## PROBLEM TO SOLVE
The listing that follows must be retyped exactly, without its pictures.

## AVAILABLE DATA
------------------------------

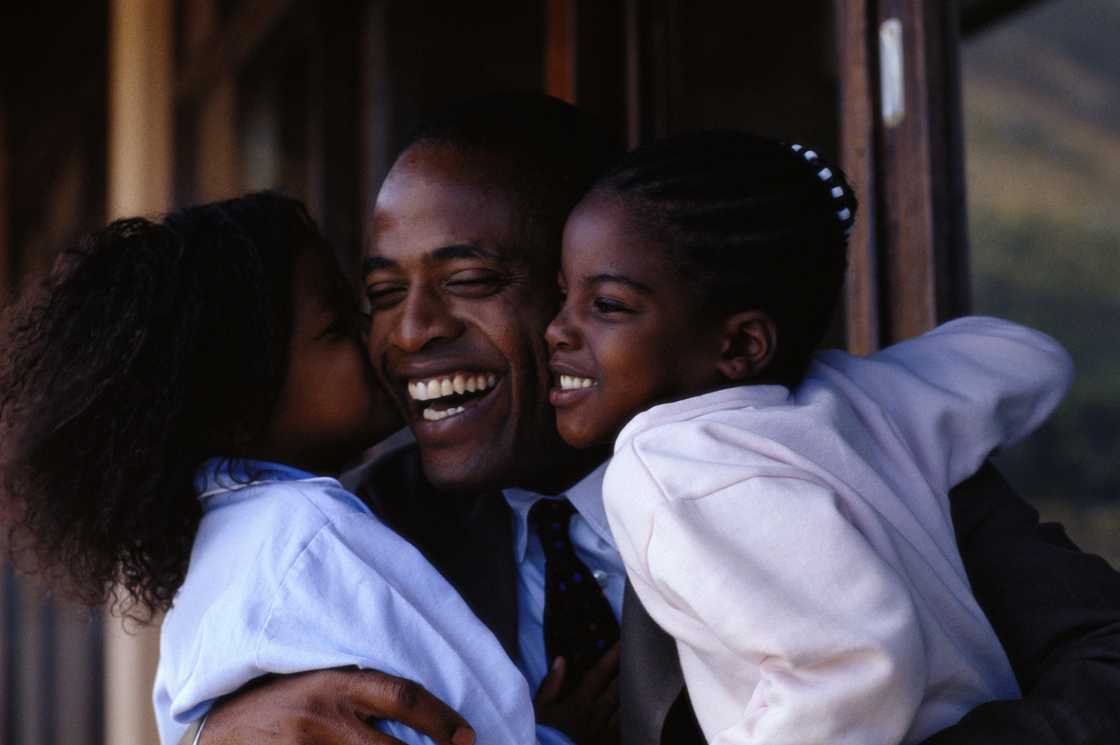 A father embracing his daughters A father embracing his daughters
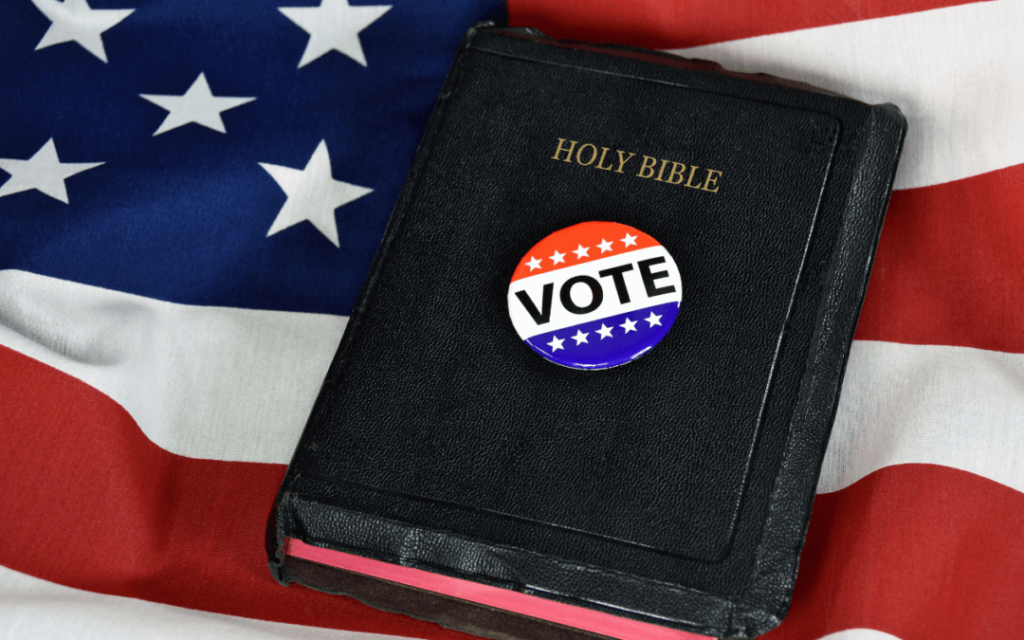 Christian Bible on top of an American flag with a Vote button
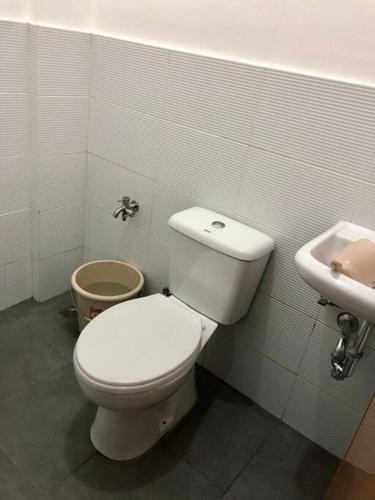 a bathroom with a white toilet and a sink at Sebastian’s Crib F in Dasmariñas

------------------------------

## THE ANSWER
 A father embracing his daughters A father embracing his daughters
 Christian Bible on top of an American flag with a Vote button
 a bathroom with a white toilet and a sink at Sebastian’s Crib F in Dasmariñas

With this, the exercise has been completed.